I bambini sono un mondo molto complesso: la loro mente e il loro linguaggio non sempre corrispondo ai nostri canoni e comunicare con loro può risultare davvero difficile alcune volte.
Saper far parlare un bambino, comunicare con lui e riuscire a farsi raccontare la sua vita, le sue emozioni e tutto ciò che vive ogni giorno è impresa difficile: oggi vedremo alcuni trucchi per far parlare i bambini e aiutarli nelle scelte quotidiane indicando loro una strada semplice da percorrere.
La figura del genitore dovrà essere una guida anche in questo: un papà o una mamma che sanno parlare e far parlare un bambino potranno far crescere un figlio con maggiori strumenti e informazioni, informazioni indispensabili per aiutare il bambino a svilupparsi nell’esprimersi e nel comunicare.
Come far parlare i bambini
Tra i tanti trucchi e segreti per aiutare a far parlare un bambino ecco le domande doppie: il bambino al quale domandiamo ad esempio “Che gelato vuoi” rischia di perdersi nella marea di opzioni a lui date.
Cioccolato, Fragola, Limone, Stracciatella… le troppe scelte mettono in confusione il bambino che non riuscirà a prendere una decisione rapida e certa.
A questo punto compito nostro limitare il numero di scelte possibili: ad esempio possiamo chiedere al bambino “Che gusto vuoi tra limone, fragola e cioccolato?”.
Il bambino avrà così modo di scegliere più rapidamente e sentirà la sua come una scelta importante da poter affrontare da solo.
Pupazzi e giochi per far parlare i bambini
Il gioco è la chiave del successo nella comunicazione dei bambini: uno dei giochi più amati dai bambini sono i pupazzi o i peluches.
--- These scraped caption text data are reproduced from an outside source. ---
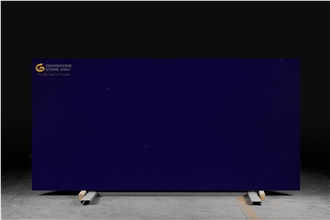 Blue Sparkle Quartz Slabs - Grain Classic Collection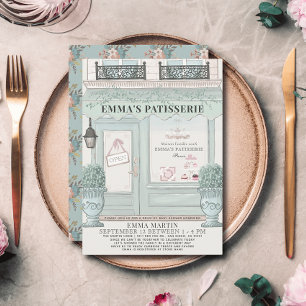 Invitación Baby Shower de la camioneta verde de la panadería 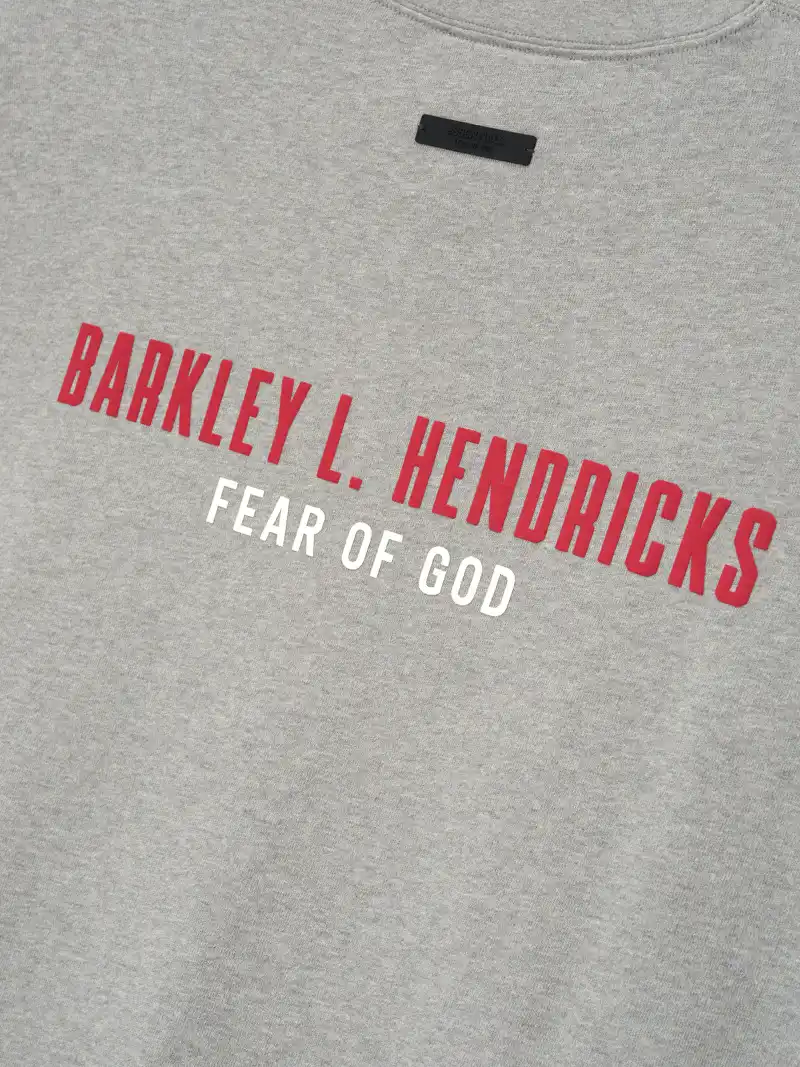 Playera Essentials NBA X Barkley Hendricks 90S Cemento Jaspe, Essentials Tee (vista 4)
Attraverso questi giocattoli inanimati il bambino avrà la possibilità di diventare, almeno per una volta, comandante e non comandato: potrà decidere, coccolare, sgridare e giocare con il pupazzo simulando azioni e reazioni di volta in volta sempre diverse.
Potrà creare e riproporre situazioni della vita vissuta (ad esempio scene dell’asilo o della scuola) o creare mondi immaginari dove dar vita a queste creature.
Durante il gioco un genitore attento potrà ascoltare le conversazione del bambino con i pupazzi, conversazioni rivelatrici che potranno svelare problemi, paure, gioie e convinzioni del bambino.
Far parlare i bambini: consigli per metterli a proprio agio
Uno dei problemi più diffusi nei bambini in età scolare è il racconto della propria giornata: all’uscita di scuola papà e mamma pongono al bambino le solite domande.
- Cosa hai fatto oggi a scuola?
- Com’è andata oggi in classe?
- Che giochi avete fatto?
I bambini tendono a rispondere in modo elusivo e vago del tipo “ho giocato”, “ho mangiato”, “ho letto”, senza però raccontare le loro emozioni e la vera natura dei loro sentimenti in quel preciso momento.
Per aiutarli a esternare i loro sentimenti e i loro racconti potremo invitarlo a fare una passeggiata: durante la camminata il bambino potrà sentirsi libero di raccontare ciò che vorrà, evitando le solite risposte di routine che non aiutano noi genitori a capire e comprendere la complessità del suo animo.